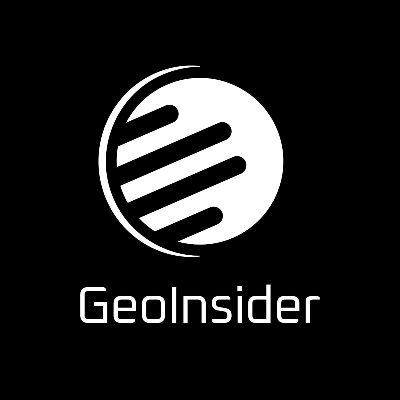 GeoInsider's profile picture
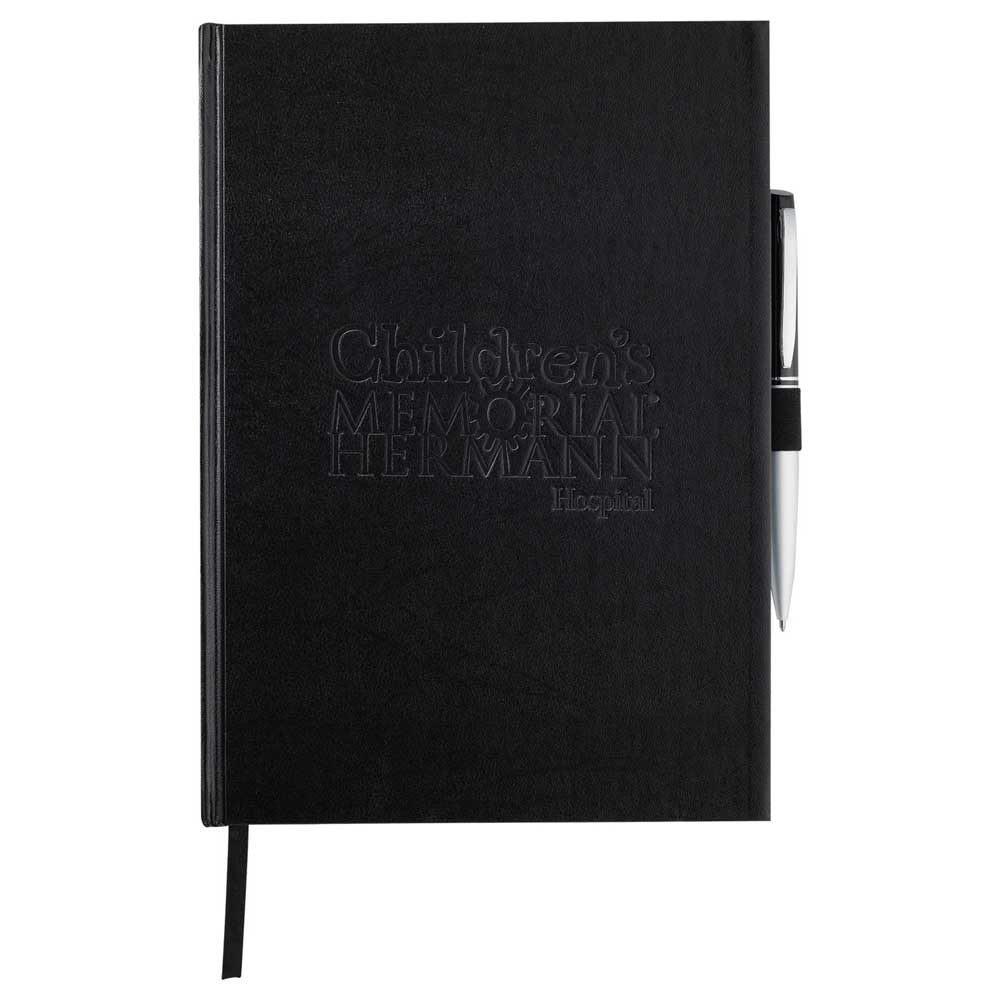 7" x 10" Executive Large Bound JournalBook®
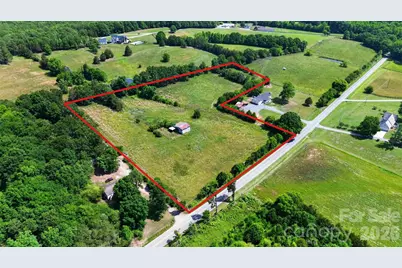 12491 Oak Grove Road, Stanfield, NC 28163 - Photo 3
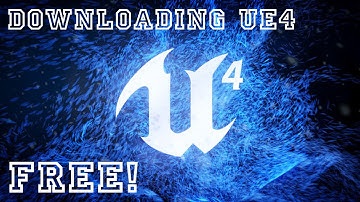 Download Unreal Engine 4 FREE
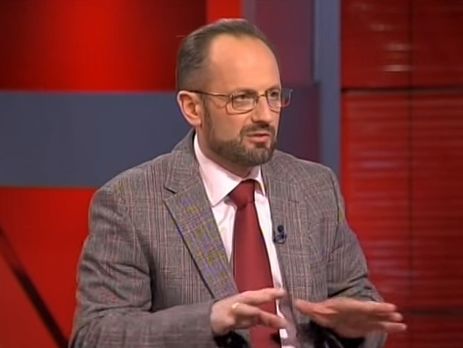 Безсмертный: На переговорах в Минске должна работать одна подгруппа вместо четырех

* _PROBLEM REQUIREMENTS_
Exclude the images and reproduce the remaining data exactly.

* _SOLUTION TO THIS TASK_
 GeoInsider's profile picture
 7" x 10" Executive Large Bound JournalBook®
 12491 Oak Grove Road, Stanfield, NC 28163 - Photo 3
 Download Unreal Engine 4 FREE
 Безсмертный: На переговорах в Минске должна работать одна подгруппа вместо четырех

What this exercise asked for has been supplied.